Parallel import – which in some circles is considered the premier example of a “grey” practice – encompasses products that are “genuine” goods (i.e., not counterfeit goods), since they have been manufactured by, or for, or under license from the brand owner, but which are then imported into a different jurisdiction from that intended by the brand owner. Deeming such practices “grey” for their ambiguity in terms of being either beneficial or detrimental depending on one’s point of view – both in the competition and intellectual property contexts – goes to show the inherent difficulty in establishing an effective universal set of rules.
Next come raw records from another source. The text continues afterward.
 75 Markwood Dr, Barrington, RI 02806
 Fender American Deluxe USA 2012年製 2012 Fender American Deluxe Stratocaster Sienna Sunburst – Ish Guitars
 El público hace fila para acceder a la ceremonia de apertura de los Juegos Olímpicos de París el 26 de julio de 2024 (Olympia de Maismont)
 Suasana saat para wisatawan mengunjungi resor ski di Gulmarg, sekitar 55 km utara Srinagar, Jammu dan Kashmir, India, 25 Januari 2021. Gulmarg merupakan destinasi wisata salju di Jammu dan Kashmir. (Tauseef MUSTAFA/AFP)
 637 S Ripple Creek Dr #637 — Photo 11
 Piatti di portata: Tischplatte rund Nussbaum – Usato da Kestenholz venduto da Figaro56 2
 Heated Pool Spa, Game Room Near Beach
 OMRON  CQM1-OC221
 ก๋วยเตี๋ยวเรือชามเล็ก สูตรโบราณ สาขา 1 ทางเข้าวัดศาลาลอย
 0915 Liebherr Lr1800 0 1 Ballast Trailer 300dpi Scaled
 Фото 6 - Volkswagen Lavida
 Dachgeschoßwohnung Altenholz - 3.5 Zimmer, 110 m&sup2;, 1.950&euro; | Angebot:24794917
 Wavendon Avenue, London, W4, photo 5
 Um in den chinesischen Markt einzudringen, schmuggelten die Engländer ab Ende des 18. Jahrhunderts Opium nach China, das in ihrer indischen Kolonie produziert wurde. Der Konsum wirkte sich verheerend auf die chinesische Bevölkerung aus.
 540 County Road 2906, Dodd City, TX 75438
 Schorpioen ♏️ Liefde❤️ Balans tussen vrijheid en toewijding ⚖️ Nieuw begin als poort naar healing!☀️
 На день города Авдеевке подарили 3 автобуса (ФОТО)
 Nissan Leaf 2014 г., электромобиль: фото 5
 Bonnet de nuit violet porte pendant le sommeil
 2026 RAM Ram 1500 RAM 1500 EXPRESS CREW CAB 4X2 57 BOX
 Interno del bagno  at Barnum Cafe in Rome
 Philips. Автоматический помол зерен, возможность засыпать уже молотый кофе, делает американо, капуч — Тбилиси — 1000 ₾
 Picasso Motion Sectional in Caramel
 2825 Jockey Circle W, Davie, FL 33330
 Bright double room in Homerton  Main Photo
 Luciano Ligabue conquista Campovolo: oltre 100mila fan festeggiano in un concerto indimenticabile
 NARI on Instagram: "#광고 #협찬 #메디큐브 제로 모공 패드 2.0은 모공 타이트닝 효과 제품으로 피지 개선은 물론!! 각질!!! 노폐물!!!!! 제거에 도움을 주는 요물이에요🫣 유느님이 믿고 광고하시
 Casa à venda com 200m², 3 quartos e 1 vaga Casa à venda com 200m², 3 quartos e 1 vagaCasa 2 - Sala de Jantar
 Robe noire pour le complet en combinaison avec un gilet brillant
In Serbia, the relevant regulatory framework was created in 2013 when the creed of national exhaustion of rights was initiated. This doctrine meant that a trademark holder could prohibit the trademark’s use on goods placed on the Serbian market by another without his direct authorization. Exclusive distributors promoted this initiative as it was their interests that were mainly affected by the presence of parallel imported products, including the “free ride” that parallel importers gained from the exclusive distributors’ advertising activity. All of this led, in April 2015, to the commercial court in Belgrade making a decision that would serve as a defining point of legislation in this regard. Since then, exclusive distributors have had the right to sue those engaged in parallel import activities on the basis of national exhaustion of intellectual property.
Disagreeing with the court’s decision, local distributors asked the Serbian Commission for the Protection of Competition for an official opinion, claiming that the court’s ruling put exclusive distributors in an unfairly dominant position. The Commission, in presenting its point of view, made it clear that it would base its conclusion on what would be the most beneficial situation for the end consumer. It then opined that competition in this case should be split into two kinds: (a) static –situations in which parallel imports bring immediate benefits to consumers by making the products cheaper; and (b) dynamic –situations in which parallel imports damage or negatively affect innovation tendencies of the trademark holder (i.e., the diversification of their portfolio), resulting, in the long-term, in a detrimental effect on the end consumer. The Commission’s final opinion, perhaps unsurprisingly, was that emphasis should be put on balancing these two considerations. Moreover, the Commission emphasized the importance of having every participant in the market – especially those with a potentially dominant position – act so as not to hurt the market’s competitiveness.
Finally, the entire situation does not bring us much closer to reaching a universal stance on the matter, apart from perhaps educating us somewhat further. With Serbia’s ascension to the EU looming, and considering all of the regulatory updates made en route to it, it will be very interesting to see how this issue will play out in the coming period, as the above-mentioned balancing act between the two factors threatens to become ever-more difficult.